I'm one of the extreme GD cases. Extreme extreme. I loathed the idea of boys. I thought seriously about abortion and adoption. I don't care that they are messy or loud or lively -- I would like messy and loud and lively girls anyway. But I associate men with violence, cruelty, and fear. And I asociate boys with men. I am that awful person that so many of the other women on this site can say "well, at least I'm better than her!" You're not so bad; you're not me.

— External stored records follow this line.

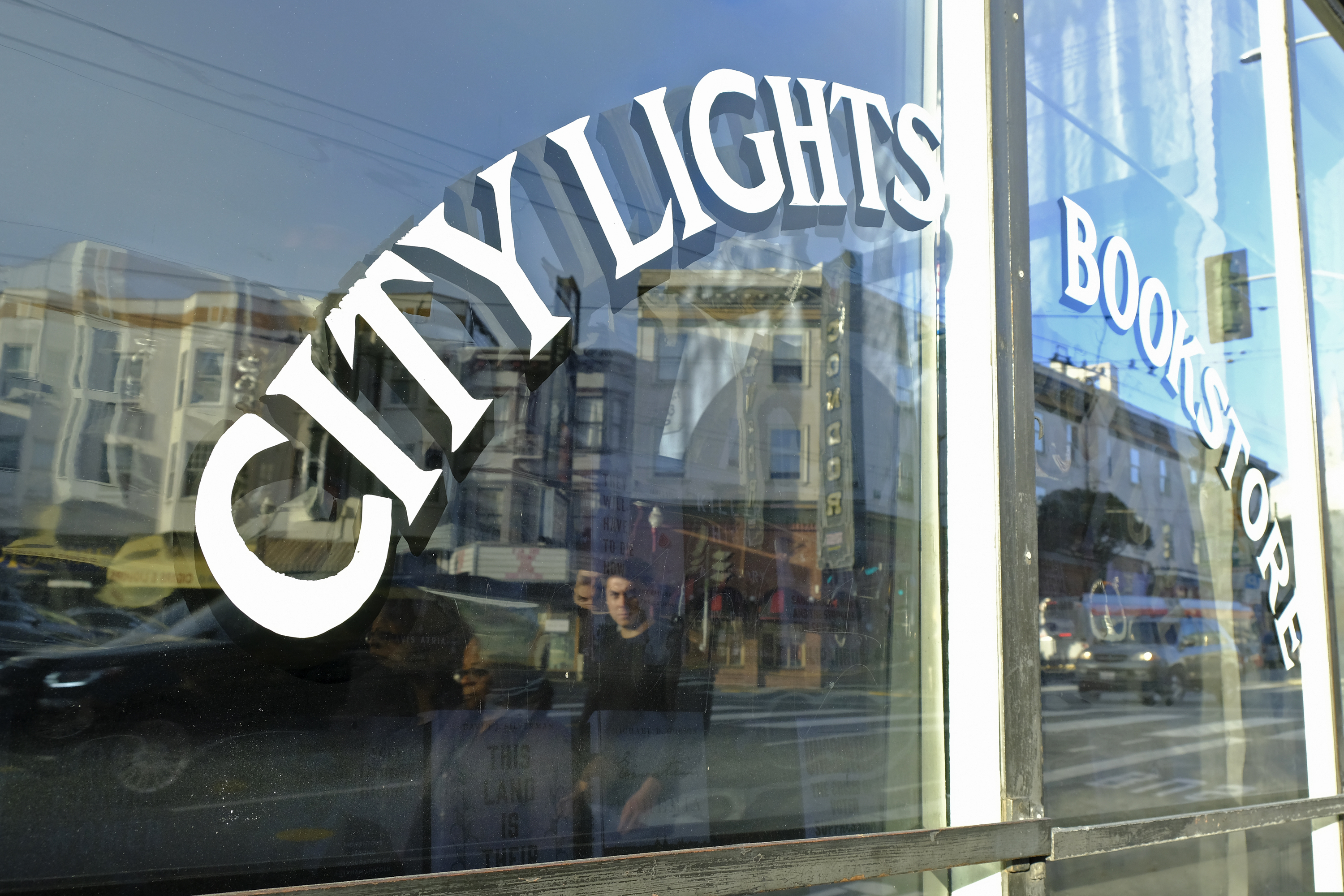 (Eric Risberg | AP file photo)

In this March 13 photo, people are reflected in the window of the City Lights Bookstore in North Beach as they walk along Columbus Avenue in San Francisco. The famous independent bookseller was in dire financial shape because of the coronavirus outbreak and asked for help. Within days of starting a GoFundMe campaign last week seeking $300,000, the store received more than $400,000, from thousands of contributors.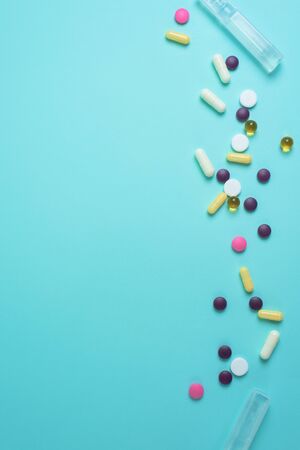 coronavirus tablets top view. background image. capsules and tablets with blisters on a blue background. treatment of infection during a pandemic.の写真素材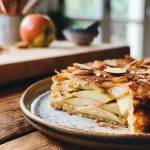 ['A close-up side view of a slice of Protein Apfelkuchen, showcasing its moist texture and apple chunks.', 'A detailed side angle of a protein apple cake, highlighting juicy apples and a golden crust.', 'A vibrant slice of Protein Apfelkuchen, displaying its rich, tender interior filled with apple pieces.', 'A side view of a delicious slice of apple protein cake, emphasizing its appealing layers and topping.']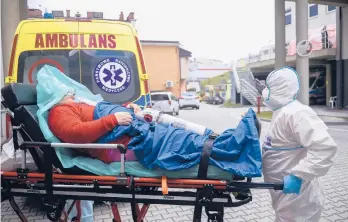  ?? OMAR MARQUES/AP ?? Paramedics rush a COVID-19 patient into a hospital Sunday in Bochnia, Poland. More than 55,000 people have died of the virus in Poland.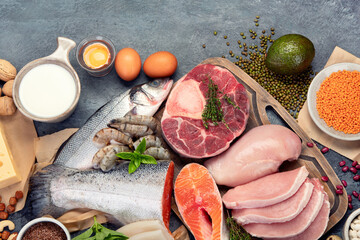Natural sources of protein on dark background.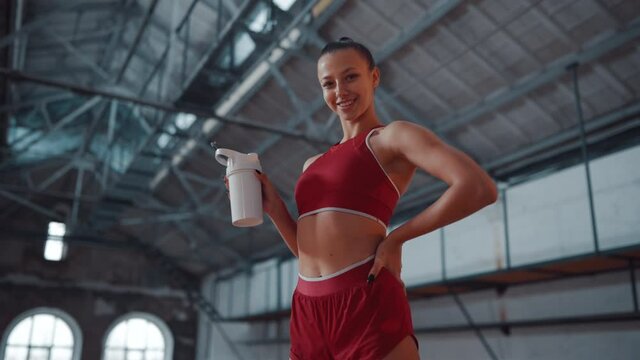 Beautiful woman  drinks protein shake while exercising in the fitness room. Sports and technology concept. Lifestyle and health theme.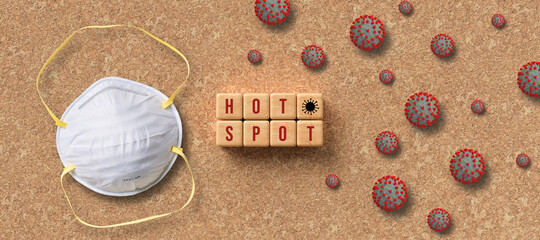 Virus Hot Spot concept for the Covid-19 pandemic on cork background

Anyway, I'm terrified that my boys will grow up to be these men. And it scares me that I might treat them in some way that it becomes a self-fulfilling prophecy: I think males are creeps, I treat my boys like they are creeps, my boys become creeps.
So, I need to deal; I don't want to break them. And today I told my psychiatrist, who I've been seeing for a decade, about things that have happened in my past that make me very sad and uncomfortable. But I know it's a big part of why I feel the way I do about men and about having boys.
I never said anything about it to him before today. (Can we guess at how much money I've wasted on therapy for the last ten years?) And I feel sick and horrible and skipped work tonight because all I can do is cry and lay around my house.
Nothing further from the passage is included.